It's a slight incompatible change for code that relied on previous hacky approach, and it makes method_missing a bit more verbose, but it's worth it, and keyword arguments can help clean up a lot of complex APIs.

Kill `#to_sym` / `#to_s` spam

This is somewhat of a cultural rather than cultural problem, but every codebase I've seen over last few years is polluted by endless #to_sym / #to_s, and hacks like HashWithIndifferentAccess. Just don't.

This means {foo: :bar} syntax needs to be interpretted as {"foo" => "bar"}, and seriously it just should. The only reason to get anywhere close to Symbols should be metaprogramming.

The whole nonsense got even worse than Python's list vs tuples mess.

Method names should not be globally namespaced `String`

This is probably the biggest change I'd like to see, and it's somewhat speculative.

Everybody loves code like (2.hours + 30.minutes).ago because it's far superior to any alternatives, and everybody hates how many damn methods such DSLs add to common classes.

So here's a question - why do methods live in global namespace?

Imagine if this code was:

class Integer
  def time:hours
    60*self.time:minutes
  def time:minutes
    60*self
  def time:ago
    Date.now - self

and then:

  (2.time:hours + 30.time:minutes).time:ago

This would let you teach objects how to respond to as many messages as you want without any risk of global namespace pollution.

And in ways similar to how constant resolution works now with include you could do:

class Integer
  namespace time
    def minutes
      60*self
    def hours
      60*self.minutes
    def ago
      Date.now - self

and then:

  include time
  (2.hours + 30.minutes).ago

The obvious question is - how the hell is this different from refinements? While it seems related, this proposal doesn't change object model in any way whatsoever by bolting something on top of it - you're still sending messages around - it just changes object.foo() from object.send("foo".to_sym) global method namespace to object.send(resolve_in_local_lexical_context("foo")), with resolution algorithm similar to the current constant resolution algorithm.

Of course this is a rather speculative idea, and it's difficult to explore all consequences without trying it out in practice.

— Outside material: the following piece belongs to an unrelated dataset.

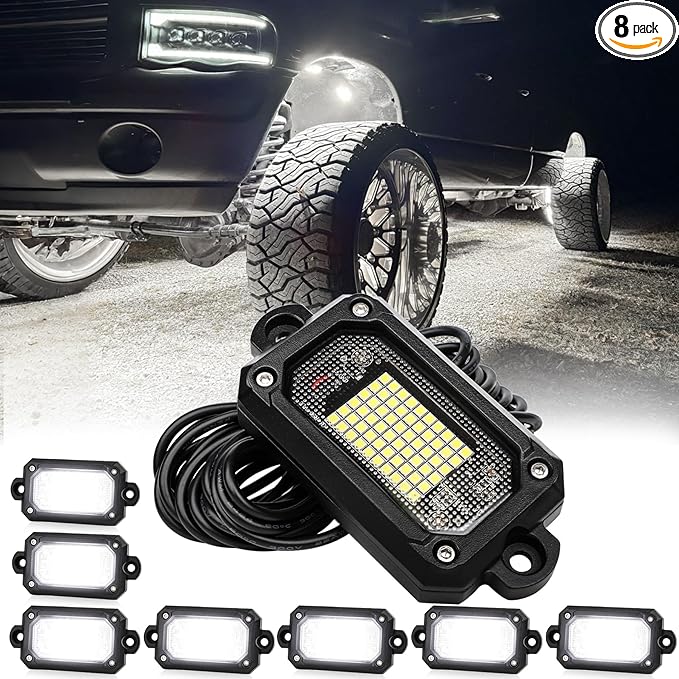 Rock Lights 60 Chip 6500K 8pcs Aluminum Housing Pure White Rock Lights for Trucks Jeep UTV ATV SUV Cars with 15FT Wire Harness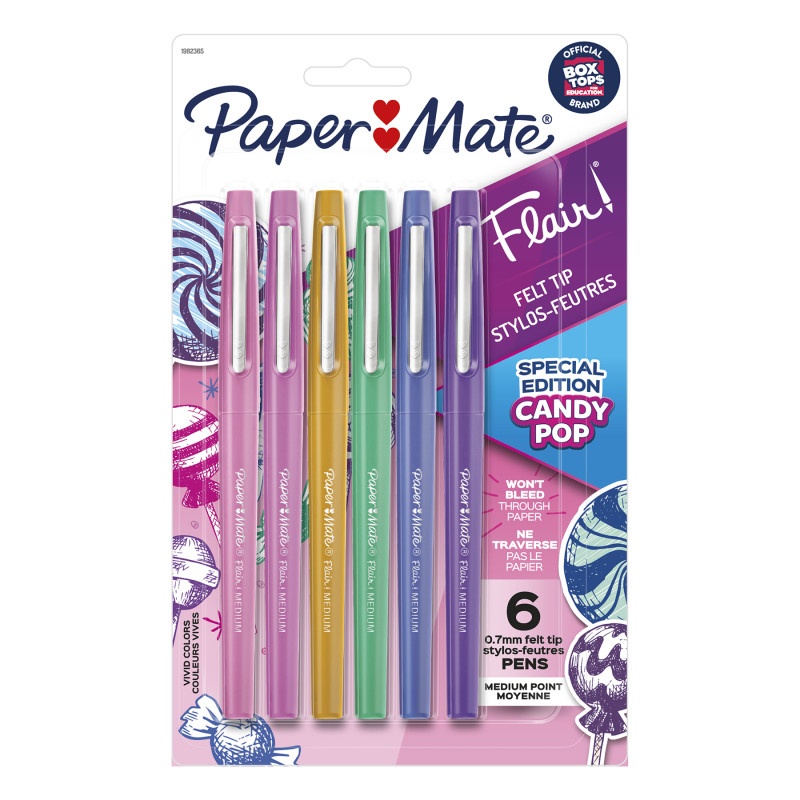Flair 6 Color Med Candy Pop Pens Papermate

Unified matching/destructuring

Here's a feature which a lot of typed functional programming languages have, and which Ruby sort of has just for Strings and regular expressions - you can test for a match and destructure in a single expression:

case str
when /c:[wubrg]/
  @color = $1
when /t:(\S+)/
  @type = $1

Doing this kind of matching on anything else doesn't work because

$1

and friends are some serious hackery:

$1 and friends are accessing parts of $~ - $1 is $~[1] and so on.
$~ is just a regular local variable - it is not a global, contrary to $ sigil.
=~ method sets $~ in caller's context. It can do it because it's hacky C code.

Which unfortunately means it's not possible to write similar methods or extend their functionality without some serious C hacking.

But why add a mechanism to set caller $~, and then we could create our own matchers:

case item
when Vector2D
  @x = $~x
  @y = $~y
when Numerical
  @x = $0
  @y = $0

To be fair, there's a workable hack for this, and we could write a library doing something like:

case s = Scanner(item)
when Vector2D
  @x = s.x
  @y = s.y
when Numerical
  @x = s.value
  @y = s.value

and StringScanner class in standard library which needs just a tiny bit extra functionality beyond what String / Regexp provide goes this way.

But even that would still need some kind of convention with regards to creating scanners and matchers - and once you have that, then why not take one extra step and fold =~ into it with shared syntactic sugar?

Let the useless parts go

Here's an easy one. Ruby has a lot of crap like @@class_variables, protected visibility (pop quiz: what it actually does, and how it interacts with method_missing), Perl style special variables like $=, method synonyms like #collect for #map, flip flop operator, failed experiments like refinements etc.

Just let it all go.

Wait, that's still Ruby!

Yeah, even after all these changes the language is essentially Ruby, and backwards incompatibility shouldn't be that much worse than Python 2 vs 3.

11 comments:

headius said...: Some interesting ideas. I have comments.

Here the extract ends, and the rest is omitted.